THOUSANDS OF FREE BLOGGER TEMPLATES

Jumat, 24 September 2010

Seorang Pengeluhkah Saya?

Dengan menulis segala kepusingan diri, apakah menjadikan saya seorang pengeluh? Kalau boleh jujur, saya tidak ingin dikatakan seorang pengeluh. Karena apa yang saya lakukan di tulisan ini hanya sebuah pengungkapan yang sejujurnya tentang apa yang saya alami. Saya tidak bermaksud mengeluh pada siapa pun. Tentunya jika saya ingin mengeluh, saya akan melakukan pembicaraan dengan keluarga tentang apa yang sebenarnya saya alami dalam berumahtangga. Saya menulis justru tidak ingin membuat pikiran orangtua atau siapapun keluarga dekat ikut merasa pusing. Saya sudah dewasa ketika menikah, 28 tahun. Bukan usia yang muda lagi. Jadi alangkah malunya saya jika mengeluh pada keluarga. Saya menulis sebagai saluran rasa yang ada di dada, menyesakan seandainya tidak ada jalan untuk mengeluarkannya. Jadi keputusan apapun yang saya lakukan dalam pernikahan adalah resiko pribadi yang harus saya tanggung. Mungkin dari bekal pengalaman ini, saya bisa mengajarkan anak2 saya agar kelak mereka tidak mengalami hal yang sama yang saya alami.

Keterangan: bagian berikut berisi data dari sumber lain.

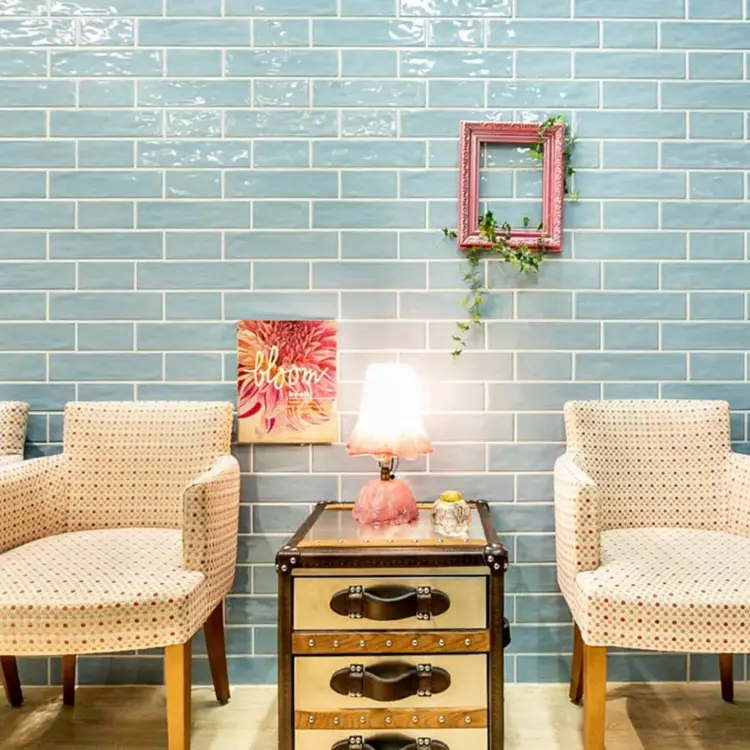 AXIS名古屋の内観・外観2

Pelajaran pertama adalah jangan pacaran di usia sekolah. Karena di usia itu sangat tidak mungkin kita membicarakan tentang uang dan warisan. Lalu, jangan pernah hanya mendengar tentang kekayaan dari orang lain tanpa pernah mengetahui kebenarannnya. dua hal inilah yang salah, yang menjadi kebodohan saya. Nama besar Trijaya, ternyata hanya omong kosong. Yang benar2 kaya sebenarnya kakak ipar suami yang mempunyai sikap low profile. Yang dimiliki Trijaya hanyalah kesombongan. Usia yang muda membuat saya tidak berpikir tentang guna sertifikat. Dengan di beri rumah tinggal saya berpikir bahwa itu sudah menjadi kepemilikan. Hahaha.